Several pharmaceutical companies have already donated to fund the new platform, and the JWMDRC registry team are still seeking further funding to allow for additional improvements to make the system as easy to use as possible. To learn more about how you can join or support one of these registries, or contribute to the platform development, please contact registries@newcastle.ac.uk.
“This new platform represents a major improvement for our patient registries. The data quality and efficiency will greatly benefit our research efforts and, ultimately, the patients we serve. We are grateful for the support from our pharmaceutical industry partners and look forward to the positive impact this transition will bring. This project demonstrates just how impactful collaboration with different industry partners can be to the neuromuscular field.”

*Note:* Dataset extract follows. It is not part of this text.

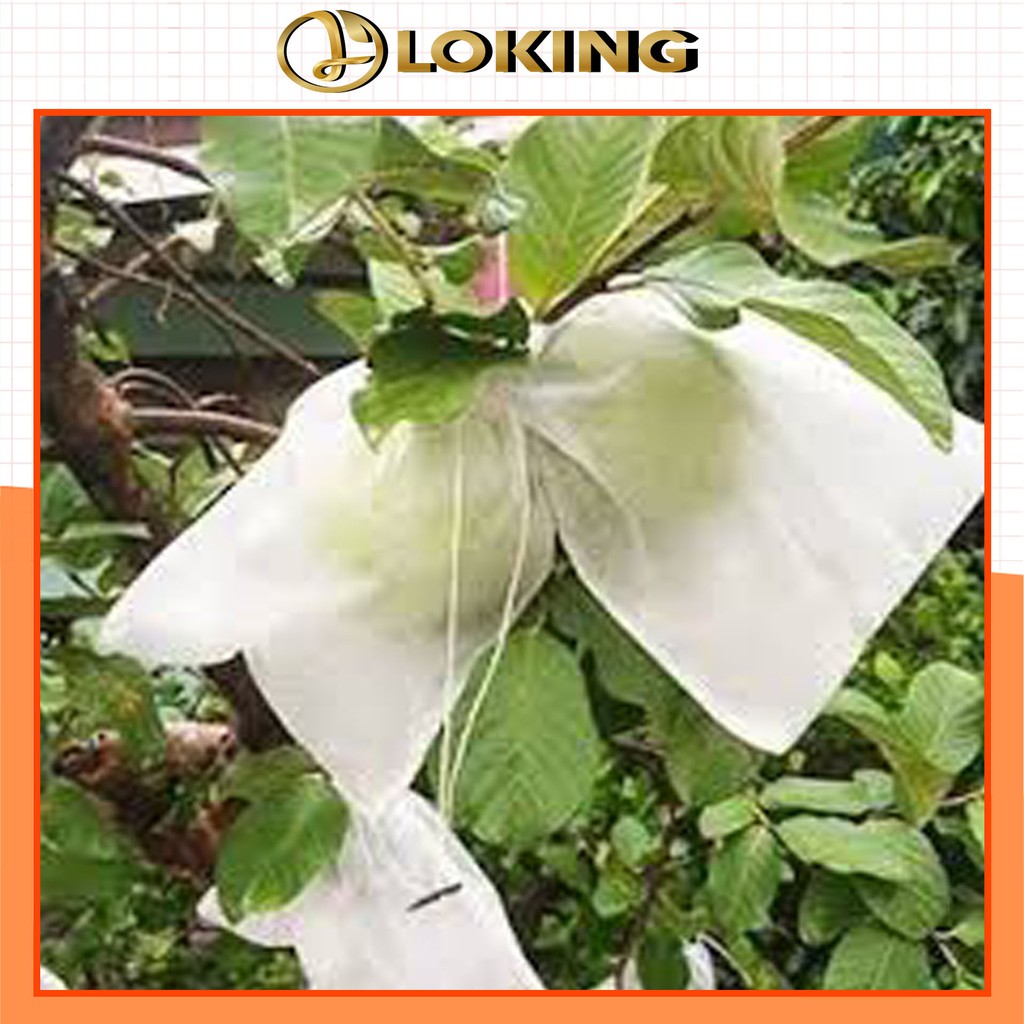 [15x20cm] 100 Túi Bọc Trái Cây Ổi, Bơ, Xoài, Na Có Dây Rút Sử Dụng 3-5 Năm - LOKING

Professors Volker Straub and Chiara Marini-Bettolo, Principal Investigators of the registries
*Individual disease-specific patient registries migrating to the new platform are also supported by Myotonic Dystrophy Support Group, Cure DM, Adult SMA REACH, Myotubular Trust, MTM-CNM Family Connection, Astellas Pharma Inc, Roche, and Biogen.
The JWMDRC Patient Registries Team (L-R): Prof Volker Straub, Sam McDonald, Lindsay Murphy, Helen Walker, Julie Bohill, and Prof Chiara Marini-Bettolo.
Patient registries are databases that people living with a particular condition (or their parents/carers) can add their information to. This includes information about their symptoms, and if possible, what their genetic diagnosis is. Generally, each registry is designed for one specific condition.